Dans L’homme qui tua Liberty Valance, Ford y célèbre pour la dernière fois les valeurs de l’Ouest américain en filmant l’émergence de l’industrialisation et de la démocratie représentative. Les trois personnages masculins du film symbolisent trois visions du monde. Liberty Valance (formidable Lee Marvin) est la part sombre de l’individualisme américain et ne jure que par la loi du plus fort pour faire régner l’ordre social. Il apparaît peu de fois dans le film, comme pour accentuer la violence de ces actions et la crainte qu’inspire cette ombre qui plane sur le village. Tom Doniphon, quant à lui, est assez proche de Liberty Valance, autant dans la posture virile que dans ses mots mais son action est guidée par un idéal de justice. Pour lui, pas besoin de lois pour régir l’espace social, seule une bonne gâchette suffit. Enfin, Ransom Stoddard incarne cette Amérique à venir, celle des grandes villes et du respect des lois. Tom Doniphon, en acceptant sa défaite amoureuse et héroïque, sonne la mort d’une Amérique qui n’arrive pas à lutter face à l’avènement du chemin de fer et à la progressive constitution des Etats-Unis.

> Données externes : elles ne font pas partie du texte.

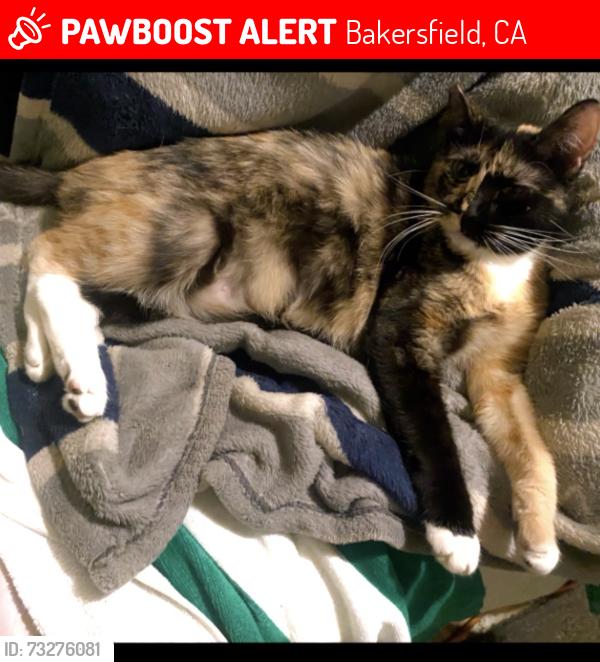 Lost Female Cat last seen Airport drive / Sequoia dr., Bakersfield, CA 93308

La fin est, à ce titre, très subtile. En basant l’exploit héroïque de Stoddard sur un mensonge, Ford met à mal l’idéalisme américain à la Capra. Le démocrate qui émerge n’est pas pur, le poids de l’histoire vient écraser la relation entre Ransom et Hallie. Elle lui fait remarquer combien le paysage a changé et le responsable du train vient dire à Ransom que « rien n’est trop bon pour l’homme qui tua Liberty Valance », Stoddard et sa femme semblent écrasés par cette fatalité et par le titre du film qui sonne comme une sentence. L’homme politique n’arrive plus à allumer sa pipe et le film se termine sur cette scène à la fois tragique, dérisoire et sublime, sur la vision d’un couple marqué par le destin et incapable d’y échapper. Comme le rappelle Patrick Brion dans son livre sur John Ford : « On entend alors pendant vingt-cinq secondes le thème musical d’Ann Rutledge, puis – ce sont les ultimes notes du film – durant huit secondes le thème de Tom Doniphon ».